First Listen Review attempts to capture my first impressions of the year’s Eurovision entries as and when they’re released. My opinion is liable to change as certain songs grow on me or get revamped, but based on the principle that most listeners will only hear each entry once (or twice) before voting, hopefully it’ll provide some insight.

Portugal Flag

Portugal: Leonor Andrade – Há um mar que nos separa

Leonor Andrade - Há um mar que nos separa | Eurovision 2015 Portugal

Leonor Andrade won Portugal’s Festival da Canção after finding fame as a contestant on Portugal’s The Voice. She has also appeared on popular Portuguese telenovela Água de Mar.

In an increasingly homogenous Eurovision landscape, I’ve come to really appreciate Portugal’s dogged insistence on ploughing their own musical furrow, regardless of how it’s received by the rest of the continent.

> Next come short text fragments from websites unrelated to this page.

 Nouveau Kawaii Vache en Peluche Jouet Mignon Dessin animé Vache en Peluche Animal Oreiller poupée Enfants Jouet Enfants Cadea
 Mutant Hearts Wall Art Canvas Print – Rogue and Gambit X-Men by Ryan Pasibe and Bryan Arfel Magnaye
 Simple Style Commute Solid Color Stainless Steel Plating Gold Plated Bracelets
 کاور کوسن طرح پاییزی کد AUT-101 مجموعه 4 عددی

Their entries have covered a variety of sounds and genres –  from the effervescent pop of Quero ser tua to the dramatic fado of Senhora do mar, via the heartfelt sweetness of Todas as Ruas do Amor, all the while retaining a distinctly Portuguese feel.

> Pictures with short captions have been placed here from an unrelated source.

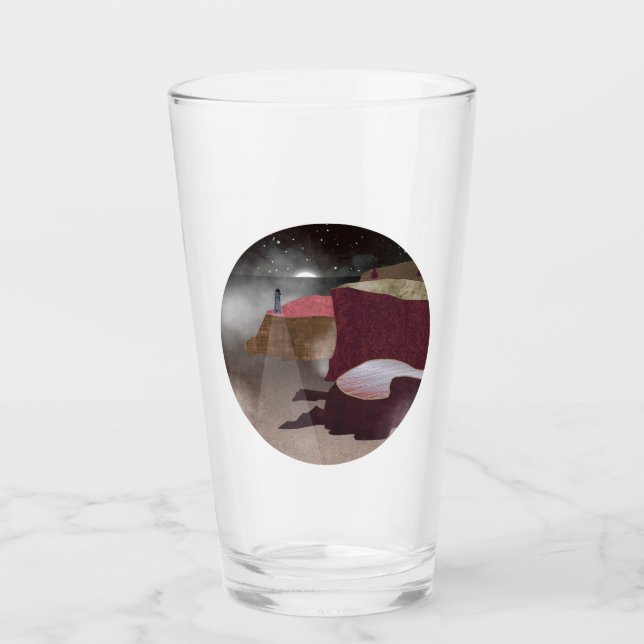 Foggy Lighthouse Glas (Vorderseite)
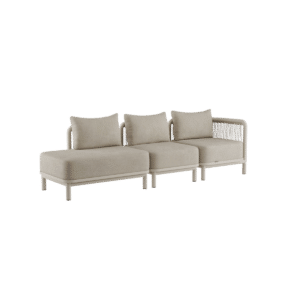 Kirra Lounge Sofa - 3 seater w/ open end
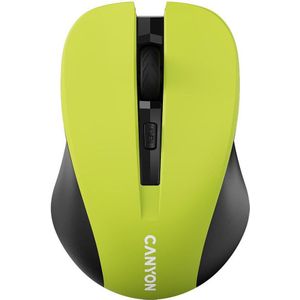 Canyon - MW-1 - Draadloze Optische Muis - Geel - USB - 800/1000/1200 dpi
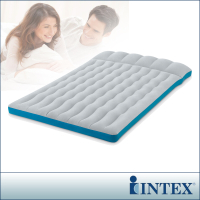 INTEX 雙人野營充氣床墊(車中床)-寬127cm (灰藍色) (67999)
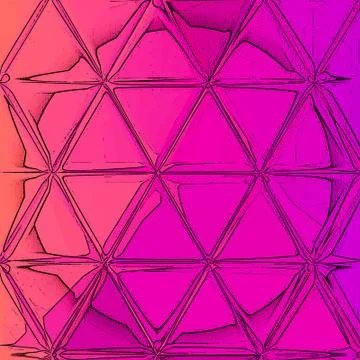 Grainy circle pattern composed of magenta triangles 스톡 일러스트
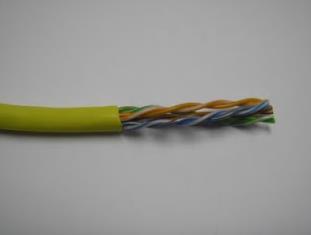 Strip off 2 inches of jacket on the cable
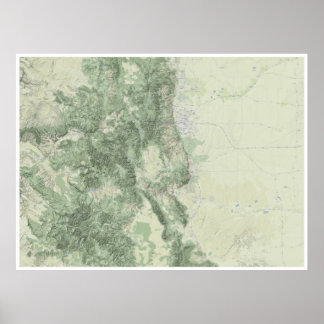 Póster Mapa do Colorado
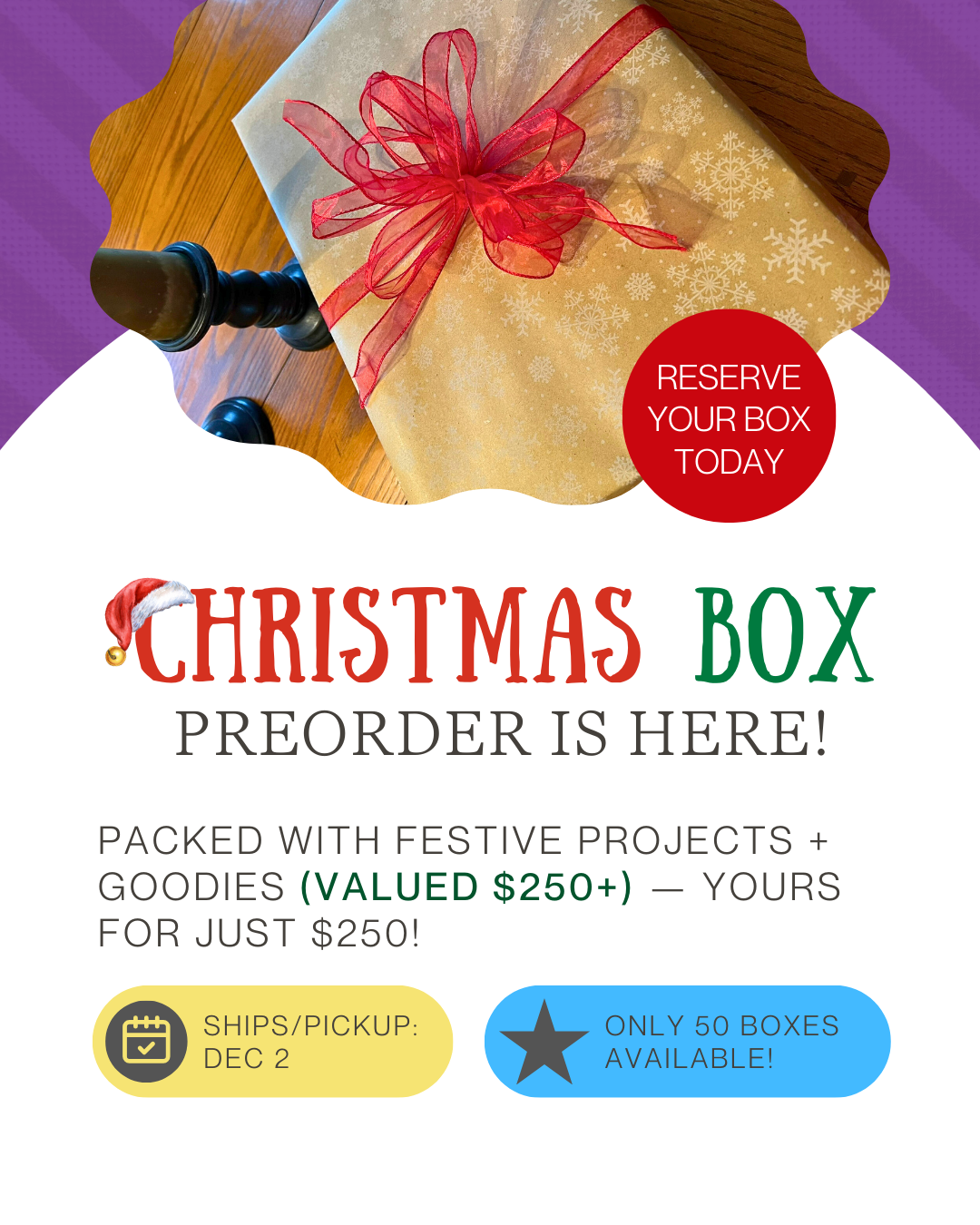 Christmas Box-exclusive to TCT-Available Dec 1st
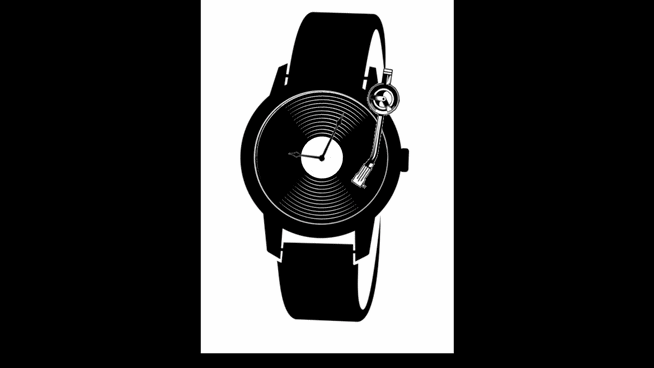 Animated gif of the Time Space Continuum registered trademark.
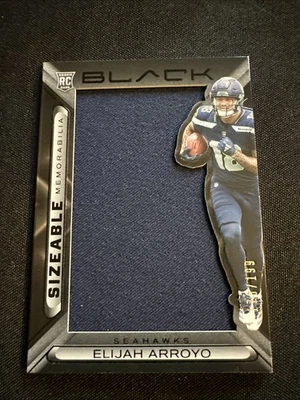 2025 Panini Black - Sizeable Rookie Memorabilia Elijah Arroyo #SIZ-EAO /199... - Image 1 of 3
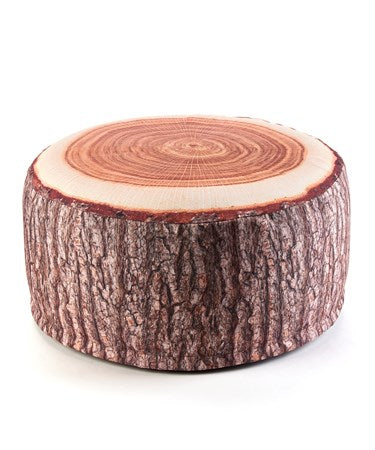 Log Style Sitting Pouf - Lighten Up Shop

Há um mar que nos separa finds the country shifting gears once again, this time into a moody alternative-pop sound. There’s a nice build-and-release of tension in this song, with the verses create a feeling of brooding intensity before giving way to a more accessible, hopeful-sounding chorus. Singer Leonor Andrade is a nervy performer who sells the former somewhat better than the latter on the evidence of her Festival da Canção performance, but the song has been given a more uplifting revamp since then, which may allow her to make the transition more easily.

This is a very pleasant song to listen to while you’re hearing it. I enjoy the sound of the Portuguese language, and the new-agey backing vocals give it an endearingly dreamy nineties feel – it wouldn’t feel entirely out of place on a compilation alongside the likes of Billie Myers, Natalie Imbruglia and Sophie B.Hawkins. Unfortunately, ‘pleasant’ doesn’t necessarily translate into votes, and of all the songs in the second semi final, this is the one I’m least expecting to see progressing to the main show.